Requirement
Can you write out every line from the start of the records below through the line containing "The Tiger Tail is", leaving out any pictures?

Exercise data
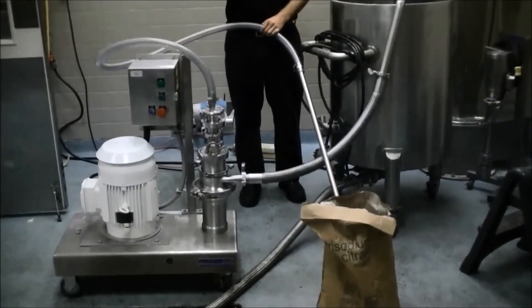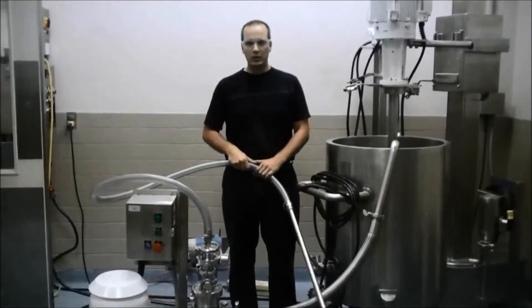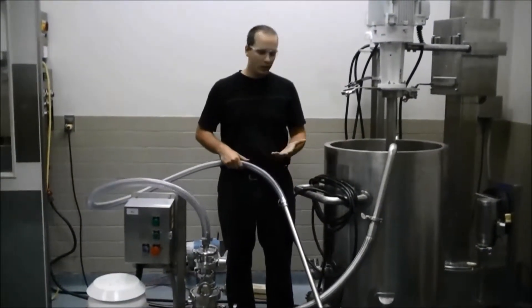We have our bag of sodium citrate in front of us here, and we'll attempt to wand the material in using the wand and the disperser.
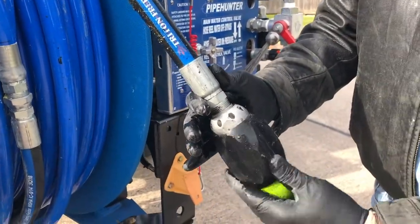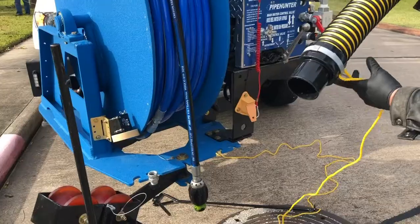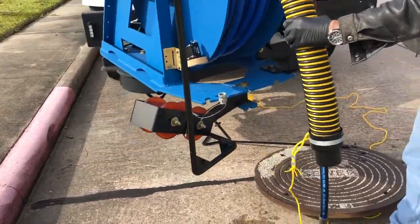The Tiger Tail is a simple device that provides maximum protection against abrasion on your jet hose. Jet hose can be easily damaged by sharp edges around the pipe or manhole, and the Tiger Tail will not only increase the life of your hose, but keep you and your team safer.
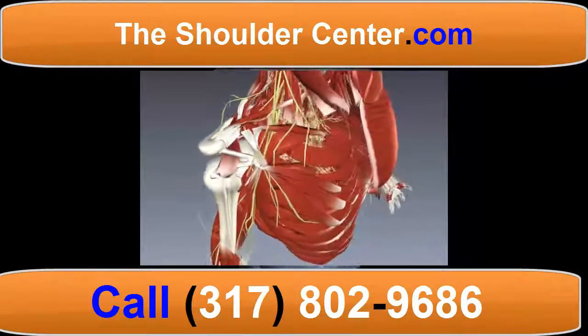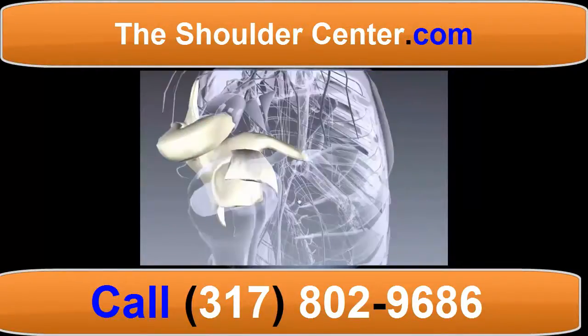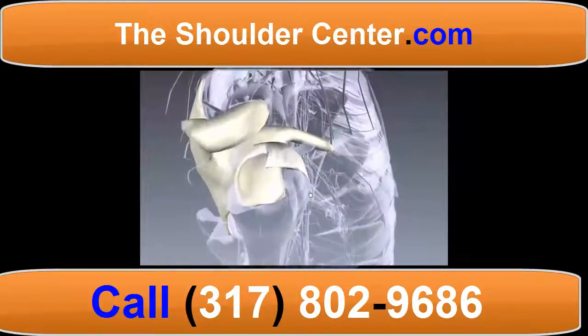Starting at the superior glenoid neck, the superior glenohumeral ligament is intimately associated with the supraspinatus tendon.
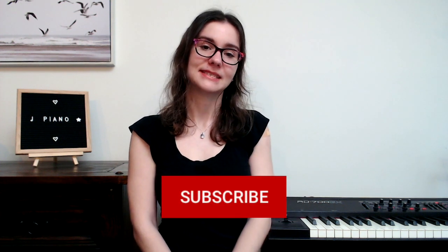Hi everyone, welcome to Online Piano Learning. If you're new here, my name is Sarah. I'm a pianist and piano teacher and my channel is all about learning piano as well as all the musicianship skills that you'll need to learn if you're learning piano. If you're interested in learning, feel free to subscribe so you don't miss any important lessons.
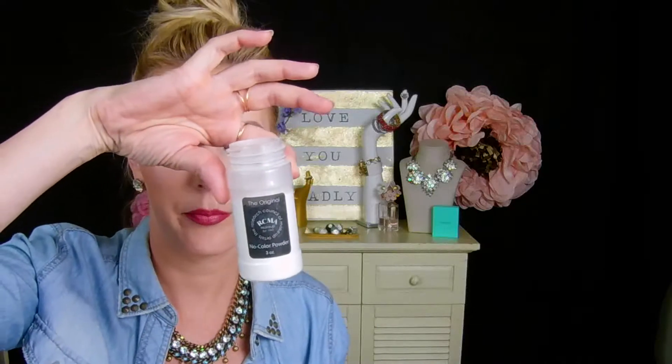First we're going to prime our eye using the Tarte Shape Tape, and mine is in fair neutral. I was kind of worried that this would be too light but it's perfect — it gives a nice highlight, awesome coverage, and it does not crease, which was so important for me. I'm just spreading this out and blending it into the skin with my Wet n Wild medium concealer brush. Then I'm going to set that concealer with my RCMA no color powder. I love this stuff — it sets your makeup so well.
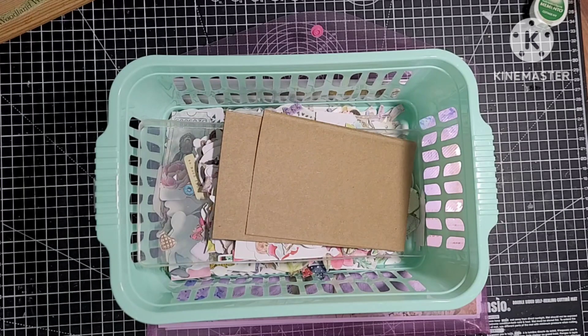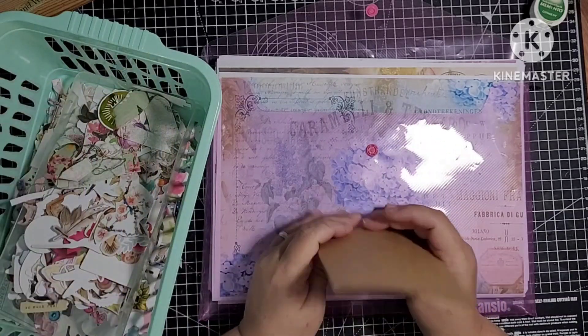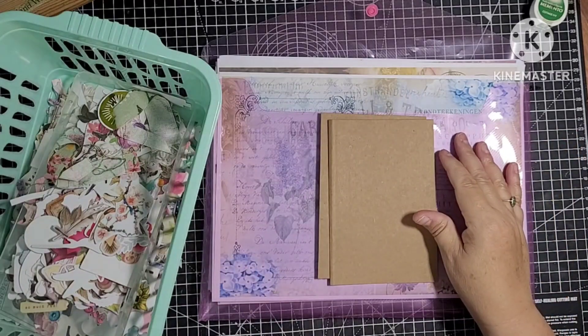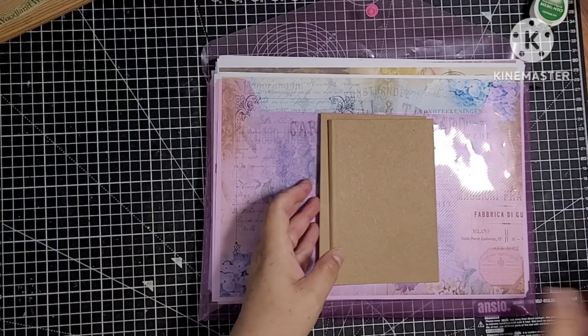Hello everyone, it's Ali and welcome to today's video. So today I'm going to make a little bit of ephemera. I'm working on another eclectic journal off camera and I've used a lot of my ephemera, so I'm going to try and rebuild my stash up a little bit. I was just going to make some little journal inserts, so I thought I'd put the camera on.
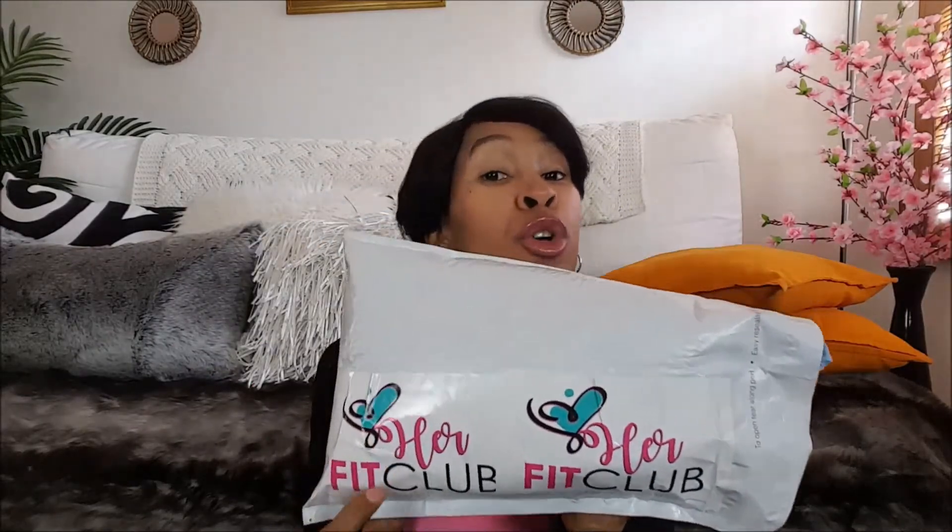Without further ado, let me show you what I got. It came in this mailer — it was priority mail. I got the Mini Fashion Fit Box so it just came in a mailer like this. If you get one of the higher memberships it's going to come in a box, especially with the sneaker-level memberships. And as you can see it says Her Fit Club. It was wrapped in tissue paper.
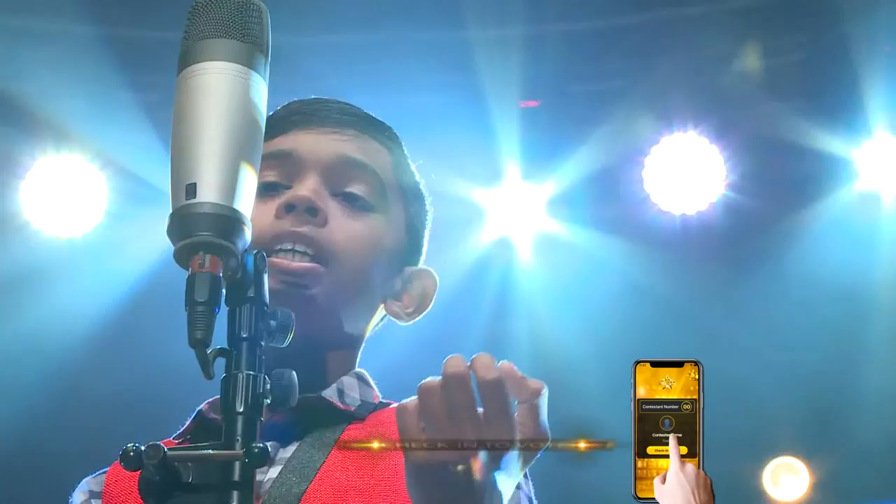Here we are going to do a small menu, not just in the form of video, but also in the form of video. It's called Mangoda. This is the first time I'm going to show you how to make Mangoda.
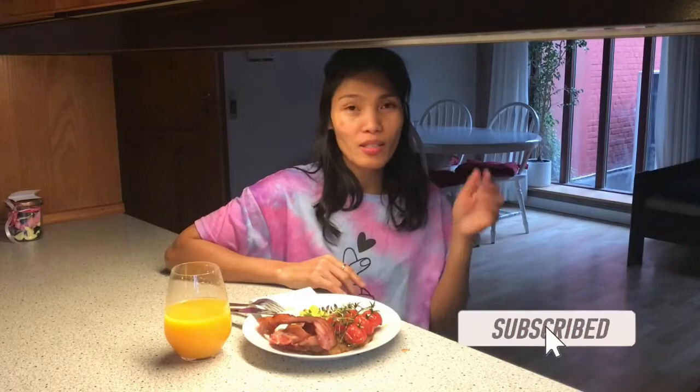Thank you for watching. Please subscribe, like, and comment below. Let me know what you think. See you next time!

Solution to the problem
We have our bag of sodium citrate in front of us here, and we'll attempt to wand the material in using the wand and the disperser.
The Tiger Tail is a simple device that provides maximum protection against abrasion on your jet hose. Jet hose can be easily damaged by sharp edges around the pipe or manhole, and the Tiger Tail will not only increase the life of your hose, but keep you and your team safer.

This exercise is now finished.